P + \vec{v} \;=\; P' \qquad (\text{a point: } P \text{ moved by } \vec{v}).

Step 3 — vector plus vector is a vector. Two displacements done in sequence are one combined displacement — "east two, then up one" is a single arrow.

\vec{v} + \vec{w} \;=\; \vec{u} \qquad (\text{a vector}).

Step 4 — point plus point is meaningless. Add two locations and ask what you get. "The chest plus the door" is nonsense, and worse, the answer changes if you move the origin — so it cannot describe anything physical. The operation is simply not defined.

P + Q \;=\; \text{??} \qquad (\text{undefined — locations don't add}).

(The honourable exception is an average: the midpoint \tfrac12 P + \tfrac12 Q is fine, because the weights sum to 1. A general sum of points with weights summing to 1 is an affine combination, the only blessed way to "add" points.)

How the maths enforces the rules: w = 1 vs w = 0

You could police all this by hand — or you could let the numbers do it for you. In homogeneous coordinates every quantity carries one extra bookkeeping component, w: a point gets w = 1, a vector gets w = 0.

P = (P_x, P_y, P_z, \mathbf{1}), \qquad \vec{v} = (v_x, v_y, v_z, \mathbf{0}).

Step 5 — watch the w-component do the policing. Add or subtract component-wise and just read the last slot:

\underbrace{1}_{P} - \underbrace{1}_{Q} = \underbrace{0}_{\vec{v}}, \qquad \underbrace{1}_{P} + \underbrace{0}_{\vec{v}} = \underbrace{1}_{P'}, \qquad \underbrace{0}_{\vec{v}} + \underbrace{0}_{\vec{w}} = \underbrace{0}_{\vec{u}}.

Point minus point lands on w = 0 — a vector. Point plus vector lands on w = 1 — a point. Vector plus vector stays at w = 0. And the forbidden one outs itself: point plus point gives w = 1 + 1 = 2, which is neither a point nor a vector, a loud signal that you did something undefined. The same w also makes a translation matrix ignore vectors (you don't move a direction) while still moving points.

A point is a location; a vector is a displacement (a direction together with a length). With points P, Q and vectors \vec{v}, \vec{w}:

Point − point = vector — P - Q = \vec{v}, the displacement from Q to P.
Point + vector = point — P + \vec{v} = P', the point moved by \vec{v}.
Vector + vector = vector — \vec{v} + \vec{w} = \vec{u}, displacements compose.
Point + point is undefined — locations don't add (only affine combinations, weights summing to 1, are allowed).
The bookkeeping — points carry w = 1, vectors carry w = 0, so the arithmetic of the w-slot enforces every rule above.

The distinction is not pedantry — it is how you store a game world. A character's position is a point (where it stands). Its velocity is a vector (how fast and which way it heads), and the update is the canonical point-plus-vector,

P_{t+\Delta t} = P_t + \vec{v}\,\Delta t.

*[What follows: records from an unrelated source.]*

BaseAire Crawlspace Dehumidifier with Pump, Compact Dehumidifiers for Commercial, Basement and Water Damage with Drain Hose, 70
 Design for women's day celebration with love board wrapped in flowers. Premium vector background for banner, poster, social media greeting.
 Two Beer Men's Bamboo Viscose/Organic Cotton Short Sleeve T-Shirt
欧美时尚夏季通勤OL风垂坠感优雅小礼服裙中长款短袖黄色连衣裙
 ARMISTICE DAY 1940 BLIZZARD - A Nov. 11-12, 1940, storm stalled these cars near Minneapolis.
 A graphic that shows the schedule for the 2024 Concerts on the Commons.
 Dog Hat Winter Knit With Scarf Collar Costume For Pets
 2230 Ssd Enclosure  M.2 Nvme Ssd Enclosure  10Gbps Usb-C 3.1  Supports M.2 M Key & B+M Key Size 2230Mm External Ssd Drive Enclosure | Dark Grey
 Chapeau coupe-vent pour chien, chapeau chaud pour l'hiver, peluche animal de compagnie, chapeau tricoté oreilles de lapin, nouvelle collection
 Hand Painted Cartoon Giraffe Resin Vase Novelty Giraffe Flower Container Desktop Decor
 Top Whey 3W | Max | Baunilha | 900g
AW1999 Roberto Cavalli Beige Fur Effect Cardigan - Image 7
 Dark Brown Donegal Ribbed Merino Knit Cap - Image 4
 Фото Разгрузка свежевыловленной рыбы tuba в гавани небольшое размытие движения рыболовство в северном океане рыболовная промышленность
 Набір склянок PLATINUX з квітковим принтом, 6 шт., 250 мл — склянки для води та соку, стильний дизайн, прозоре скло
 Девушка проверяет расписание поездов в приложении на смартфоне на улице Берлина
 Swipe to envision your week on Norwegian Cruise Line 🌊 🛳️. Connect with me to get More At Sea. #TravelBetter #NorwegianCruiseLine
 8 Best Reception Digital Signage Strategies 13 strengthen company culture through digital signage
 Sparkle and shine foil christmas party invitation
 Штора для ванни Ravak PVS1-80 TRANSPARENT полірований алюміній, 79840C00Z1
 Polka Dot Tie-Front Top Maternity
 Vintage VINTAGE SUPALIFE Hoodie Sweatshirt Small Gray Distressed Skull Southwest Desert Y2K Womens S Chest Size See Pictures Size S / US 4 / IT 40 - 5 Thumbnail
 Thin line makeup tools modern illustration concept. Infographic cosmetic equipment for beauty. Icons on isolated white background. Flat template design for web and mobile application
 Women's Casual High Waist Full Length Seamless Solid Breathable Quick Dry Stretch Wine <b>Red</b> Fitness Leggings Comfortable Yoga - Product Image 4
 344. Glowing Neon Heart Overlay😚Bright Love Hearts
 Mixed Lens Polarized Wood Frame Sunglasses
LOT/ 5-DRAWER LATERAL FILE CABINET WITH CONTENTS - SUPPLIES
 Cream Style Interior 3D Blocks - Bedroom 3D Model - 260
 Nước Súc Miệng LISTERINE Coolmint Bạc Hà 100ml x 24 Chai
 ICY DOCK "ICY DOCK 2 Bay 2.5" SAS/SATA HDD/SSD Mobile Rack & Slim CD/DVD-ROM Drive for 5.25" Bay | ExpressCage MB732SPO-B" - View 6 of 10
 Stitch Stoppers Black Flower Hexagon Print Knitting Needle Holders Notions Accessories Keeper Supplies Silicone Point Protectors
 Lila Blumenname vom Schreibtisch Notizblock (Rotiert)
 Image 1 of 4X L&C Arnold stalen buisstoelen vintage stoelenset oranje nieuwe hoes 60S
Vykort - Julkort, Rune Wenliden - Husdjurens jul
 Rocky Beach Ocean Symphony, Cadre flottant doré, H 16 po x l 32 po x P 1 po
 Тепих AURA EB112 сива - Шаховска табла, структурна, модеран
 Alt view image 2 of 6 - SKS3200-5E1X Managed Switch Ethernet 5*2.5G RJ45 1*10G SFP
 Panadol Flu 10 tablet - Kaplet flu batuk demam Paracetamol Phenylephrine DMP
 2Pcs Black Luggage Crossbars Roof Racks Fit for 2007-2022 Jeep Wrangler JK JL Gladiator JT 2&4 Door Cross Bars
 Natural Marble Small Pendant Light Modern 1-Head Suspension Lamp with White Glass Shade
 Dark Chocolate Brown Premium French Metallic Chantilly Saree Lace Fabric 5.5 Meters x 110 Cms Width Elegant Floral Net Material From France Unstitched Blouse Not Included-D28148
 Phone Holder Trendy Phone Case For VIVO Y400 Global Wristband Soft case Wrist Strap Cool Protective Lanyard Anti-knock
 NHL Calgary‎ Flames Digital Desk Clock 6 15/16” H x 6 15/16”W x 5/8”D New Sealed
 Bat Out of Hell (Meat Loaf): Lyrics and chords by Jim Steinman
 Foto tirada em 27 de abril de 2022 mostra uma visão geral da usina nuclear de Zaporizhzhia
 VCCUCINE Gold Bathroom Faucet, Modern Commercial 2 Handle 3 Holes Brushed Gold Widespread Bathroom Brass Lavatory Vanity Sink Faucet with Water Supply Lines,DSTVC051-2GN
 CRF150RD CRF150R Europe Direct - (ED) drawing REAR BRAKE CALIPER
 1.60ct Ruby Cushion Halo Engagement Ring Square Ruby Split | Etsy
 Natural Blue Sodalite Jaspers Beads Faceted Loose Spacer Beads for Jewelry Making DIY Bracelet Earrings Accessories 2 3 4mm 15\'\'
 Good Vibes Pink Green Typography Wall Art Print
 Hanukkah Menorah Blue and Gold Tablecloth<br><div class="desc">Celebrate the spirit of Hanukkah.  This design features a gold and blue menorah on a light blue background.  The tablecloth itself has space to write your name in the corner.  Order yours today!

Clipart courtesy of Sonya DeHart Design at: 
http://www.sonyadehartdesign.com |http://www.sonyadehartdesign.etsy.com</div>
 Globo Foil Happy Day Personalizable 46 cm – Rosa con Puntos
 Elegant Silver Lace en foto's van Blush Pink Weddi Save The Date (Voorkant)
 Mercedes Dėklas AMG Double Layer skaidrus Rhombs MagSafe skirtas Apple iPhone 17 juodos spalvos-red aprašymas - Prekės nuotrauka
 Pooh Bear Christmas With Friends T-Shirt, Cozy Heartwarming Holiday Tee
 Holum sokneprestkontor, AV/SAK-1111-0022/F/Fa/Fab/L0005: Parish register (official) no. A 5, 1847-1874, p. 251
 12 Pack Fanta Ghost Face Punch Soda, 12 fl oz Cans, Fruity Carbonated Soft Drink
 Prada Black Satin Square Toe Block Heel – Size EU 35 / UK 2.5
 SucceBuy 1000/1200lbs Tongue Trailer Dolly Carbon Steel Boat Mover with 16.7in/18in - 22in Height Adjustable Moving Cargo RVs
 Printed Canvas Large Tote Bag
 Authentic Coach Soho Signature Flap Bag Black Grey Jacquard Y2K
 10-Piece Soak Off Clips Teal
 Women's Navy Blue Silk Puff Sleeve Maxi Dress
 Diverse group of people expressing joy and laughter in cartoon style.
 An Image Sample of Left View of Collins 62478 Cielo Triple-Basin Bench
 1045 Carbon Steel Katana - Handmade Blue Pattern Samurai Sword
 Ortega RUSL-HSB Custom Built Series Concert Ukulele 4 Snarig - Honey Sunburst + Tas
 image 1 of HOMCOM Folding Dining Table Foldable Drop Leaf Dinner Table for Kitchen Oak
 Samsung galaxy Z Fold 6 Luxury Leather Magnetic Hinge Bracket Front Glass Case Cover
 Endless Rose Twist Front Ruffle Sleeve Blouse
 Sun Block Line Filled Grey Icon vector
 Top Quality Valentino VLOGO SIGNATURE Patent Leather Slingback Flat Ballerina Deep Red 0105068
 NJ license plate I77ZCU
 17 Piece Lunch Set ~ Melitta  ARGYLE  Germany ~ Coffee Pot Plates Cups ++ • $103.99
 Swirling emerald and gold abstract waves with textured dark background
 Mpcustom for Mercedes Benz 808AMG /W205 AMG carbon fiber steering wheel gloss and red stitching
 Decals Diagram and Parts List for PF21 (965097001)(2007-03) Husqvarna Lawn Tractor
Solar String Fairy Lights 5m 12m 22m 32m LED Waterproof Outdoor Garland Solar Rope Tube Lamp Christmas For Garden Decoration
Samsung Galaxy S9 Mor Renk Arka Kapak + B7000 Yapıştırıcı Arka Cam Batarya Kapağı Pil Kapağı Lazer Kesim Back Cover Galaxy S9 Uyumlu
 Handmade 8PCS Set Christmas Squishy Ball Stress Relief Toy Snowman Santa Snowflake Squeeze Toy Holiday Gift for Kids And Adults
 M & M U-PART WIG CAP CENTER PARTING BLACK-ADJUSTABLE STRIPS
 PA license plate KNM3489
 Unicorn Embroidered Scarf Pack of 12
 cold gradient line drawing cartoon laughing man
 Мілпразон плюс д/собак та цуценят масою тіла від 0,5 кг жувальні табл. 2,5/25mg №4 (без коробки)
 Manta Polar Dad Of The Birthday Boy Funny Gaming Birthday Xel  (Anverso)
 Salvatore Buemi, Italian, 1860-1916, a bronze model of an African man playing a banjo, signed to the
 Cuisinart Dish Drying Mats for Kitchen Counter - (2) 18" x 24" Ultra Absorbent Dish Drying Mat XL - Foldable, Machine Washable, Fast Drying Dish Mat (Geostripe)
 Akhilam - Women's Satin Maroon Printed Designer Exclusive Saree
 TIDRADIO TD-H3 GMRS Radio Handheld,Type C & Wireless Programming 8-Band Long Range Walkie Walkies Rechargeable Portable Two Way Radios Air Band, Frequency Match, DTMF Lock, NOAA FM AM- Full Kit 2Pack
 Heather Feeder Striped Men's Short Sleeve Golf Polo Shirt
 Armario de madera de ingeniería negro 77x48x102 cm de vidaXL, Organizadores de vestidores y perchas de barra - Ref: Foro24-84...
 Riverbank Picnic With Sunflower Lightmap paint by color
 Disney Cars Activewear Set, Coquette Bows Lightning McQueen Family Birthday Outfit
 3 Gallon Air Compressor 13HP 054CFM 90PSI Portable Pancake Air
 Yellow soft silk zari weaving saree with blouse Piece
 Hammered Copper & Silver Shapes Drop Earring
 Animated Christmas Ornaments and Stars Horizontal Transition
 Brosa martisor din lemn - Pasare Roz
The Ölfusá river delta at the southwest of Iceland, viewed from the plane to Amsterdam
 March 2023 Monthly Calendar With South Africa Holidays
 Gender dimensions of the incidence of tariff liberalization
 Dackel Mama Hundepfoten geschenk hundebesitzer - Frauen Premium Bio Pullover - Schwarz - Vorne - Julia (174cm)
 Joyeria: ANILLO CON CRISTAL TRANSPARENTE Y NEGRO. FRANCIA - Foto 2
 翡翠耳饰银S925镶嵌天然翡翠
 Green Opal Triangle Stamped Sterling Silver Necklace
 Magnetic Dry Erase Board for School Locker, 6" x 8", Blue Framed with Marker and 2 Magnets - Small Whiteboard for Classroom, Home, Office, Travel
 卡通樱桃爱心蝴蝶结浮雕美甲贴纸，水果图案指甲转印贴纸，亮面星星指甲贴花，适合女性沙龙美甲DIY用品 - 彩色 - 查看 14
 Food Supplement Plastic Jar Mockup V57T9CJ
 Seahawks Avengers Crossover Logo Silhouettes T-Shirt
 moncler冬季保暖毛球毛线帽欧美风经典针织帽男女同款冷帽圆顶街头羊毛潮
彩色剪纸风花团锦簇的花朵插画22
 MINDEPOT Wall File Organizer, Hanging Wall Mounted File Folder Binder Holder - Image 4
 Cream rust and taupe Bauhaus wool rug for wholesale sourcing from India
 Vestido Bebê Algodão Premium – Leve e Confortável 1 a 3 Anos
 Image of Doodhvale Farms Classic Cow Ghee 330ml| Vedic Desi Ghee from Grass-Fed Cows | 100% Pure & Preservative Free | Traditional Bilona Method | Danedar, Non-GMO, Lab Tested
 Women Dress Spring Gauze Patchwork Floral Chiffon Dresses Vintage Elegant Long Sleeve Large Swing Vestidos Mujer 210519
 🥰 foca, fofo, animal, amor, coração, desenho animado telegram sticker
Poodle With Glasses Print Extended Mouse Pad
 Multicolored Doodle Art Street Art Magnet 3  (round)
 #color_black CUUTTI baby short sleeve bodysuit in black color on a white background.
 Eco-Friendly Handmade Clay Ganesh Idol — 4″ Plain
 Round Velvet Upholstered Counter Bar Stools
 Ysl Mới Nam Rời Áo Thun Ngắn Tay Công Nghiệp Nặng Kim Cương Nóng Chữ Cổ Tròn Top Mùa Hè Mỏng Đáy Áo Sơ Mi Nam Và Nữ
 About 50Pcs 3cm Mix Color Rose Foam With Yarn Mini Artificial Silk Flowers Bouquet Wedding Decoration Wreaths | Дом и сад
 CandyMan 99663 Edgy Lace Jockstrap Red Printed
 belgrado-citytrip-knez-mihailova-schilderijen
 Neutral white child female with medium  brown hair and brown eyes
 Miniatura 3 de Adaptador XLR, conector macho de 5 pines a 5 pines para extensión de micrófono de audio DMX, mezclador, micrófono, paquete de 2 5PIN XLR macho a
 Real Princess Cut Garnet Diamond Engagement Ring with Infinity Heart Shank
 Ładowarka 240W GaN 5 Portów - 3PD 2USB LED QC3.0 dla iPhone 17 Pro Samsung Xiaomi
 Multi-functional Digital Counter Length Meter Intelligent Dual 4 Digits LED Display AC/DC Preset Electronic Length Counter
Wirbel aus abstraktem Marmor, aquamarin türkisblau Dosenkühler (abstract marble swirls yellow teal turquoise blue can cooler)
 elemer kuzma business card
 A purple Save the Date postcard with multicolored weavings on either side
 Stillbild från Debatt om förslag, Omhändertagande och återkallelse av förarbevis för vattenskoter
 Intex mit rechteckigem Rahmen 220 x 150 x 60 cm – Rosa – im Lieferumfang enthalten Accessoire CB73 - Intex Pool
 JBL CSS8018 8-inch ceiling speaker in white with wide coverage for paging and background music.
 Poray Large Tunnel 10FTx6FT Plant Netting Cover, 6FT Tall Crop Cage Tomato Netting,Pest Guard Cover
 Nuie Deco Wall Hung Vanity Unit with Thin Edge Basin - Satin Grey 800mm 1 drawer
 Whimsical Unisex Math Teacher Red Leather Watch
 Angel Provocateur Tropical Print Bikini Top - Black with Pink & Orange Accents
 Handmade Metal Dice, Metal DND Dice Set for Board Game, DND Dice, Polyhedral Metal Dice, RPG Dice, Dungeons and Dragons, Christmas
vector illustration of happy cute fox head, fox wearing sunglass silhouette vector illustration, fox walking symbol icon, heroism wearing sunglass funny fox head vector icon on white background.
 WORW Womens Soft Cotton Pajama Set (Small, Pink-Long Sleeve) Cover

When the AI asks "which way is the enemy?", it never adds the two positions — it subtracts them, point minus point, to get the displacement \vec{d} = P_{\text{enemy}} - P_{\text{self}}: a vector pointing straight at the target, whose length is the distance. Normalise it and you have a heading; measure it and you have a range. Every "look at", "chase", and "shoot toward" in the engine is one point subtraction.